Division of Developmental and Behavioral Pediatrics, Department of Pediatrics, Cincinnati Children's Hospital Medical Center, Cincinnati, Ohio, USA.
CNS Drugs. 2010 Feb;24(2):99-117. doi: 10.2165/11530290-000000000-00000.
One strategy for understanding variability in attention-deficit hyperactivity disorder (ADHD) medication response, and therefore redressing the current trial-and-error approach to ADHD medication management, is to identify genetic moderators of treatment. This article summarizes ADHD pharmacogenetic investigative efforts to date, which have primarily focused on short-term response to methylphenidate and largely been limited by modest sample sizes. The most well studied genes include the dopamine transporter and dopamine D(4) receptor, with additional genes that have been significantly associated with stimulant medication response including the adrenergic alpha(2A)-receptor, catechol-O-methyltransferase, D(5) receptor, noradrenaline (norepinephrine) transporter protein 1 and synaptosomal-associated protein 25 kDa. Unfortunately, results of current ADHD pharmacogenetic studies have not been entirely consistent, possibly due to differences in study design, medication dosing regimens and outcome measures. Future directions for ADHD pharmacogenetics investigations may include examination of drug-metabolizing enzymes and a wider range of stimulant and non-stimulant medications. In addition, researchers are increasingly interested in going beyond the individual candidate gene approach to investigate gene-gene interactions or pathways, effect modification by additional environmental exposures and whole genome approaches. Advancements in ADHD pharmacogenetics will be facilitated by multi-site collaborations to obtain larger sample sizes using standardized protocols. Although ADHD pharmacogenetic efforts are still in a relatively early stage, their potential clinical applications may include the development of treatment efficacy and adverse effect prediction algorithms that incorporate the interplay of genetic and environmental factors, as well as the development of novel ADHD treatments.
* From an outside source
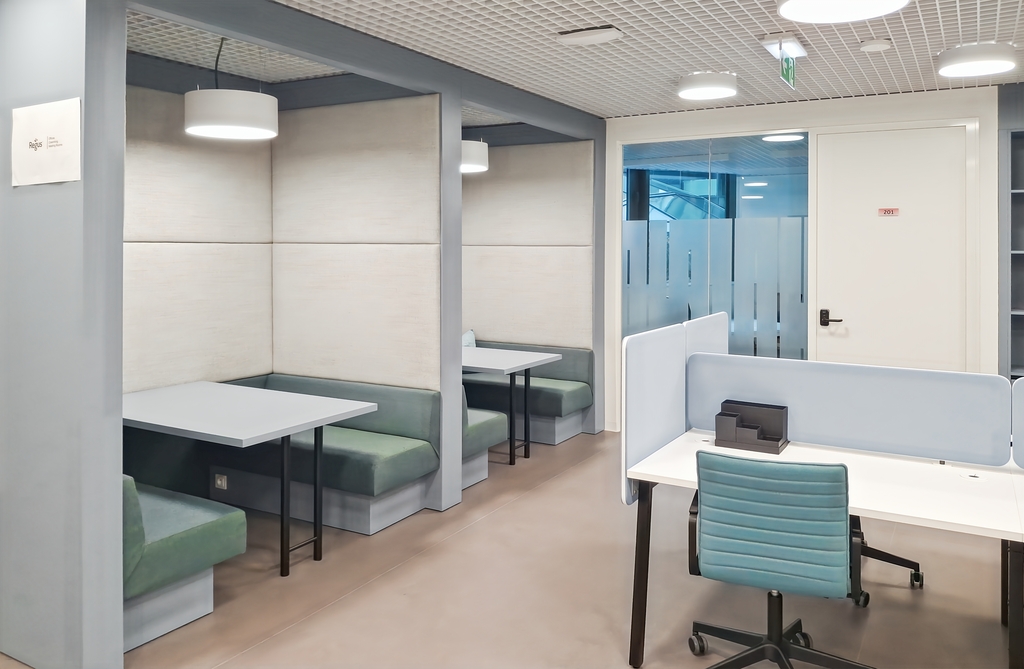 Dostęp do profesjonalnej przestrzeni coworkingowej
一种理解注意力缺陷多动障碍 (ADHD) 药物反应变异性的策略,从而纠正 ADHD 药物管理目前的试错方法,是确定治疗的遗传调节剂。本文总结了迄今为止 ADHD 药物遗传学研究的努力,这些研究主要集中在短期对哌甲酯的反应上,并且主要受到样本量适中的限制。研究最多的基因包括多巴胺转运体和多巴胺 D(4)受体,还有一些与兴奋剂药物反应显著相关的其他基因,包括肾上腺素能α(2A)-受体、儿茶酚-O-甲基转移酶、D(5)受体、去甲肾上腺素(去甲肾上腺素)转运蛋白 1 和突触相关蛋白 25kDa。不幸的是,目前 ADHD 药物遗传学研究的结果并不完全一致,这可能是由于研究设计、药物剂量方案和结果测量的差异所致。ADHD 药物遗传学研究的未来方向可能包括检查药物代谢酶和更广泛的兴奋剂和非兴奋剂药物。此外,研究人员越来越有兴趣超越个体候选基因方法,研究基因-基因相互作用或途径、其他环境暴露的效应修饰以及全基因组方法。通过多地点合作,使用标准化方案获得更大的样本量,将促进 ADHD 药物遗传学的发展。尽管 ADHD 药物遗传学研究仍处于相对早期阶段,但它们的潜在临床应用可能包括开发治疗效果和不良反应预测算法,该算法将遗传和环境因素的相互作用纳入其中,以及开发新的 ADHD 治疗方法。